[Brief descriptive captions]
• • •

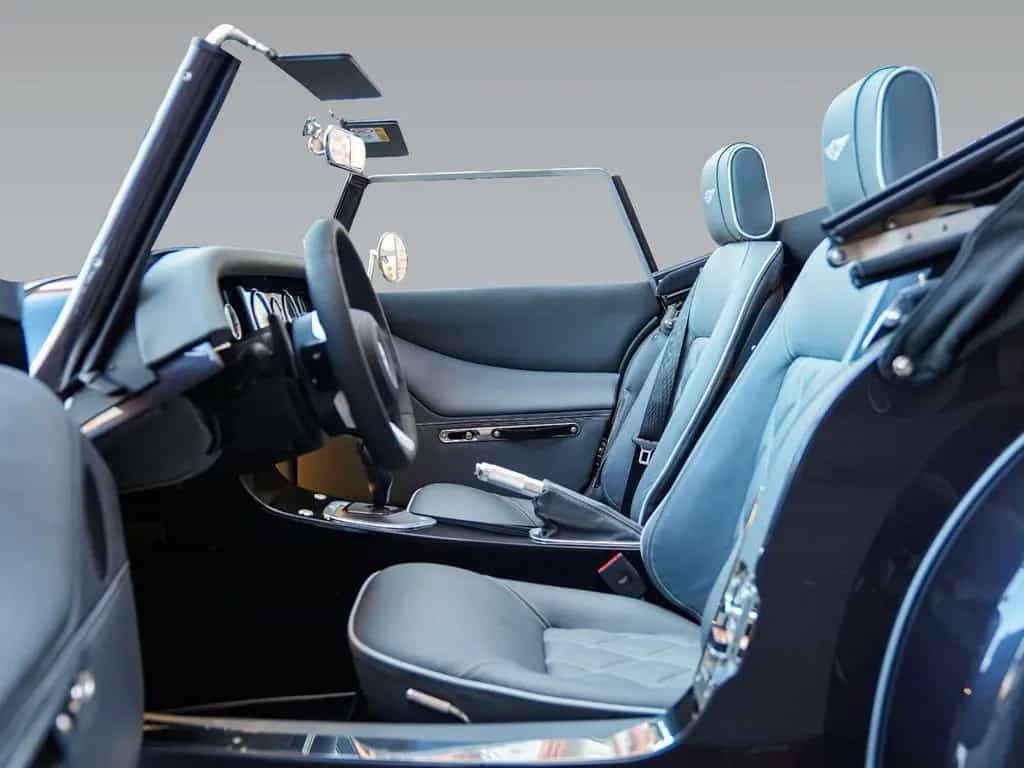Morgan Plus 4 | Regal Grey | Touring Pack null-photo-15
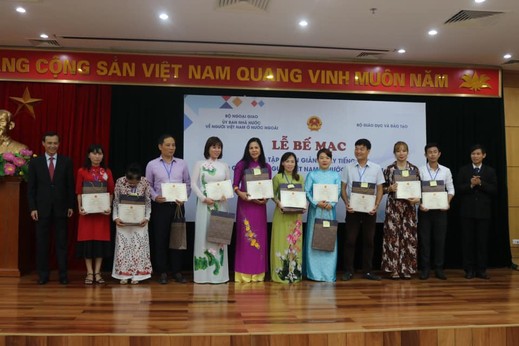 nuoi duong tinh yeu tieng viet o xu so mua tuyet tan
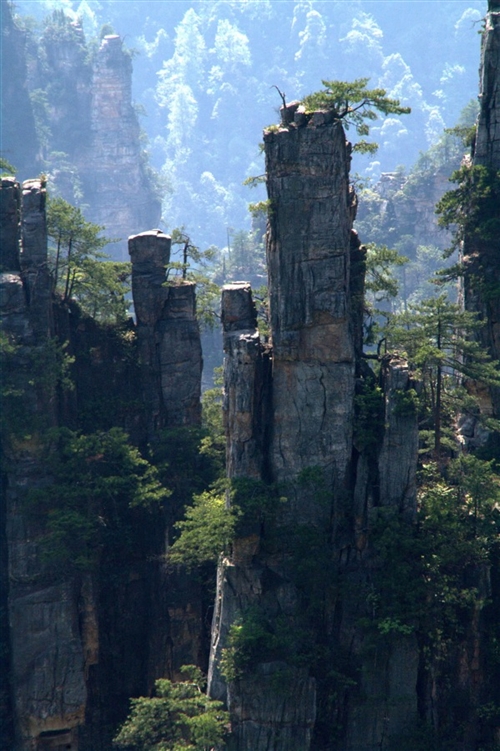 奇峰叠嶂天子山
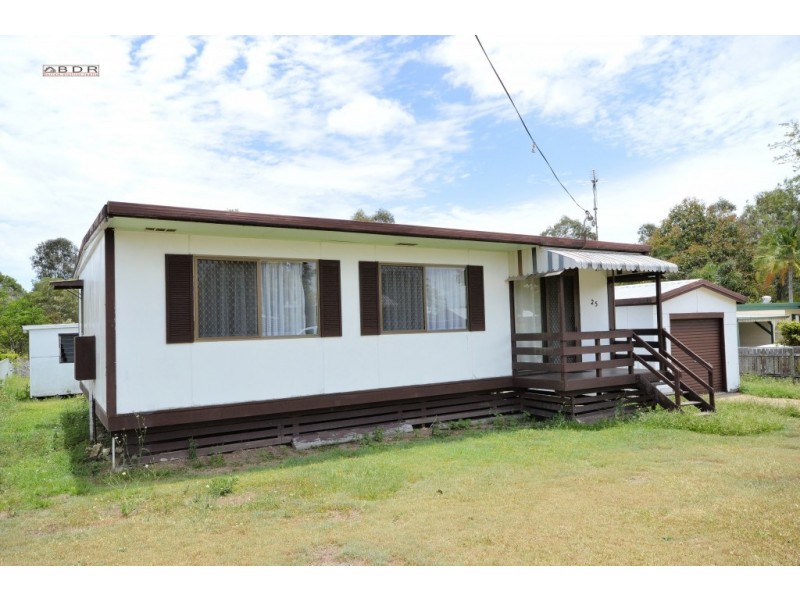 25 James Street, Howard QLD 4659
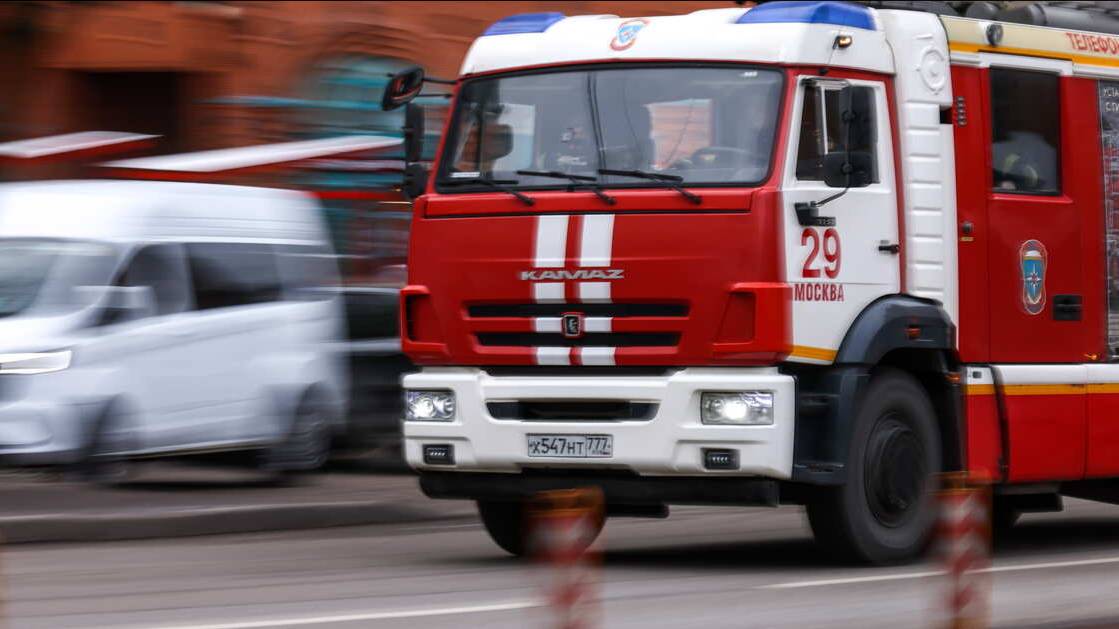 Дом культуры загорелся на 400 квадратных метрах в Бурятии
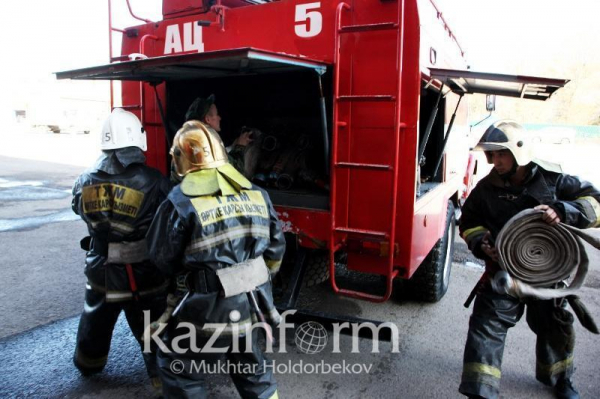 Природный пожар тушат в Павлодарской области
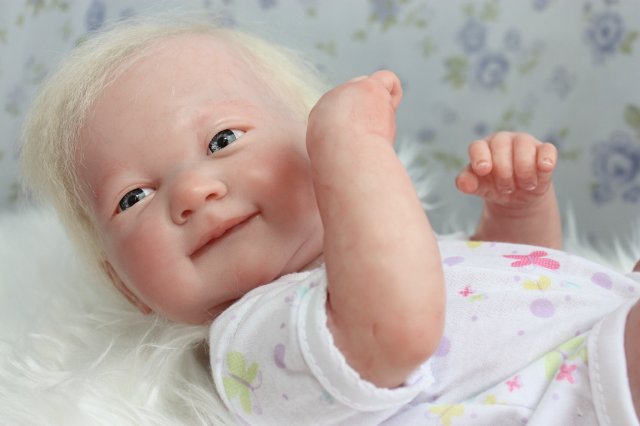 Реборн из Беренджер, нежность в пелёнках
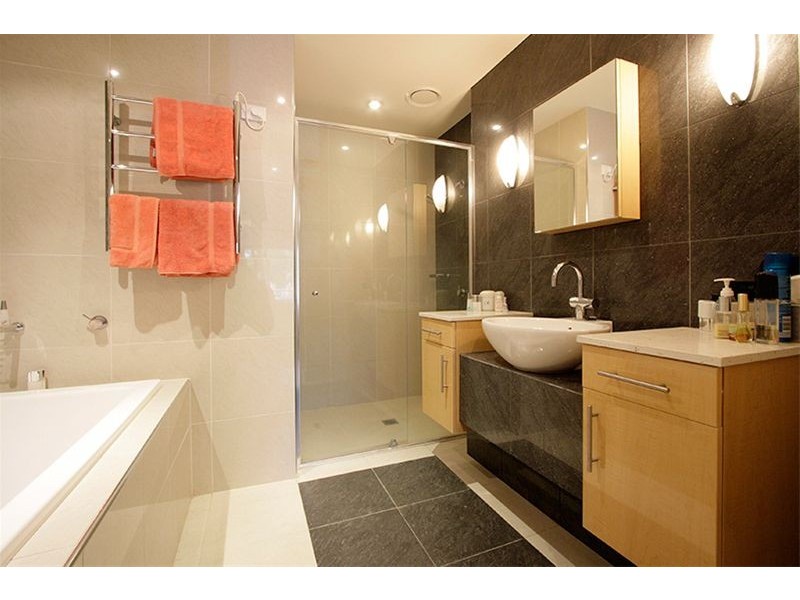 Level 1 2/27 Madang Crescent, Runaway Bay QLD 4216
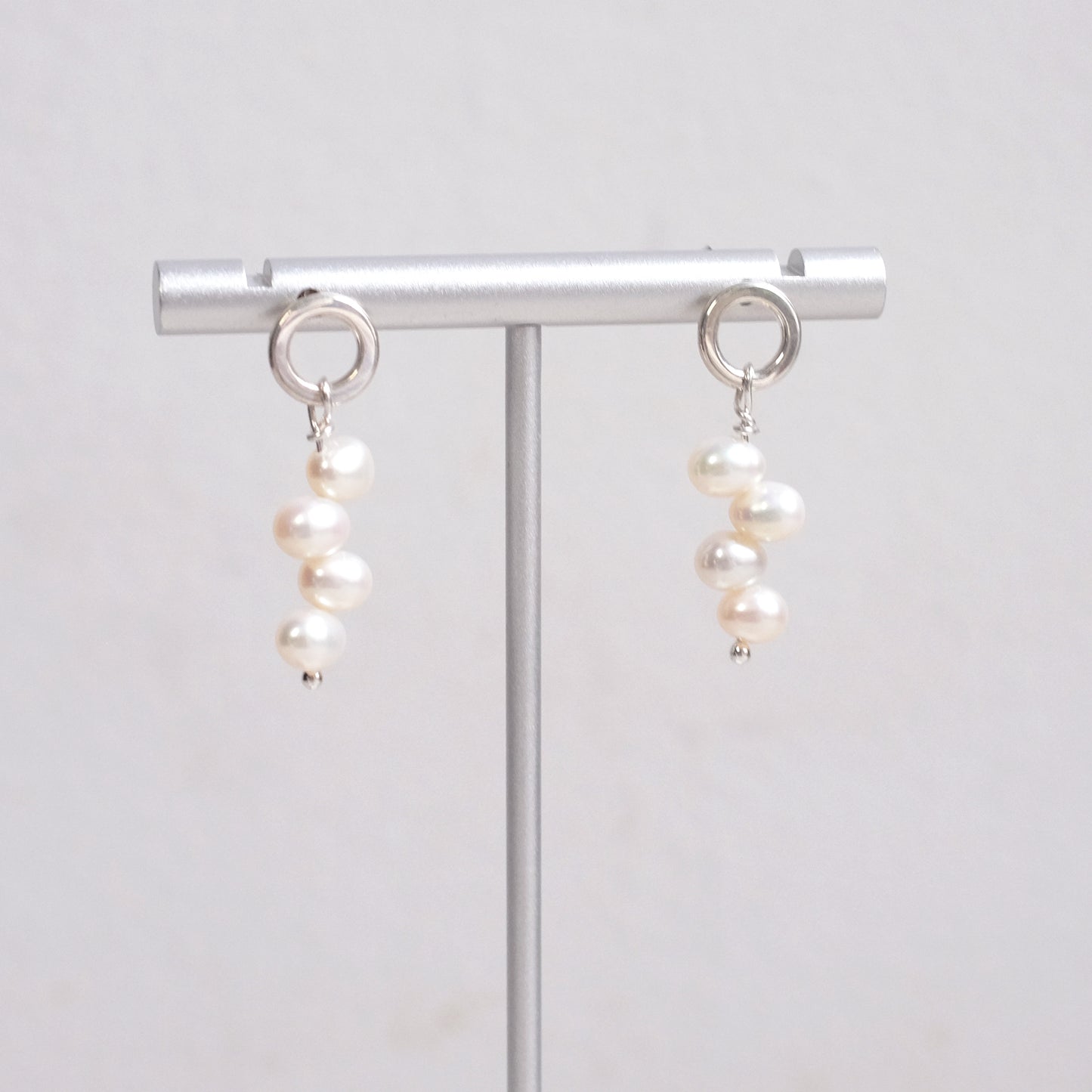 Petite Neige – Sterling Silver Earrings with Freshwater Pearls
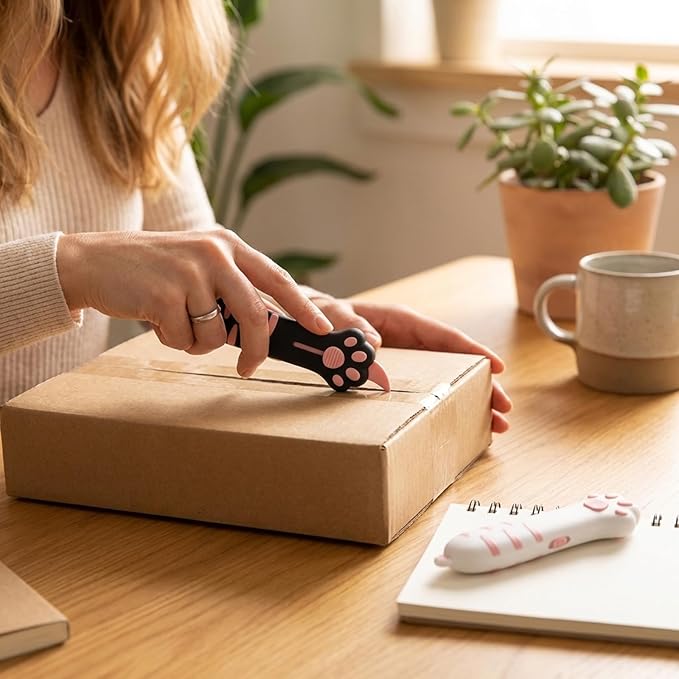 Pink and Black Two-Pack，Cat Paw Box Cutter, Retractable Cat Claw Box Cutter, Stainless Steel Blade for Package Opening
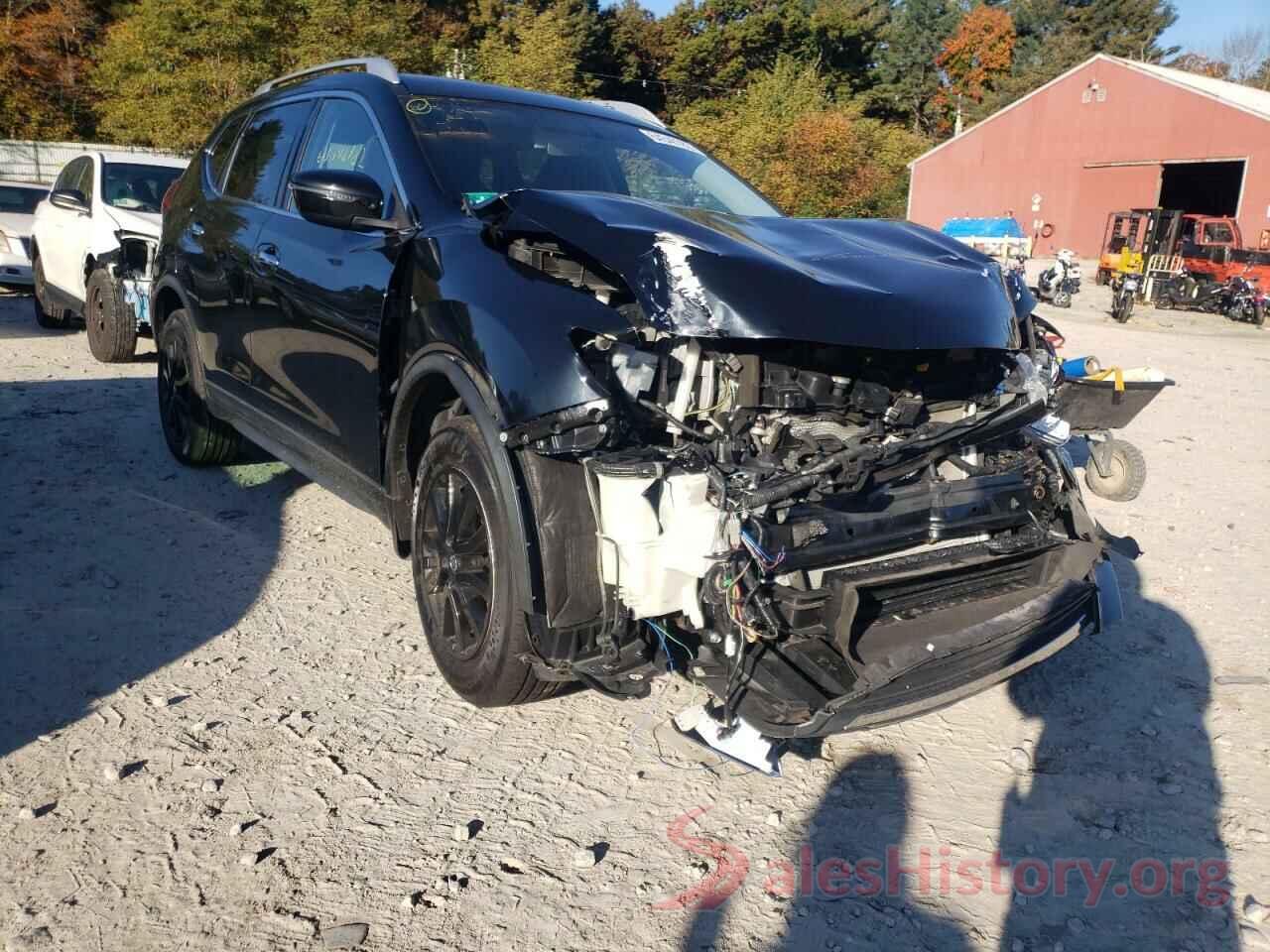 KNMAT2MV1JP622256 2018 NISSAN ROGUE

• • •

Task goal: Text only, pictures out: give every record again as written.

Output for this exercise:
Morgan Plus 4 | Regal Grey | Touring Pack null-photo-15
 nuoi duong tinh yeu tieng viet o xu so mua tuyet tan
 奇峰叠嶂天子山
 25 James Street, Howard QLD 4659
 Дом культуры загорелся на 400 квадратных метрах в Бурятии
 Природный пожар тушат в Павлодарской области
 Реборн из Беренджер, нежность в пелёнках
 Level 1 2/27 Madang Crescent, Runaway Bay QLD 4216
 Petite Neige – Sterling Silver Earrings with Freshwater Pearls
 Pink and Black Two-Pack，Cat Paw Box Cutter, Retractable Cat Claw Box Cutter, Stainless Steel Blade for Package Opening
 KNMAT2MV1JP622256 2018 NISSAN ROGUE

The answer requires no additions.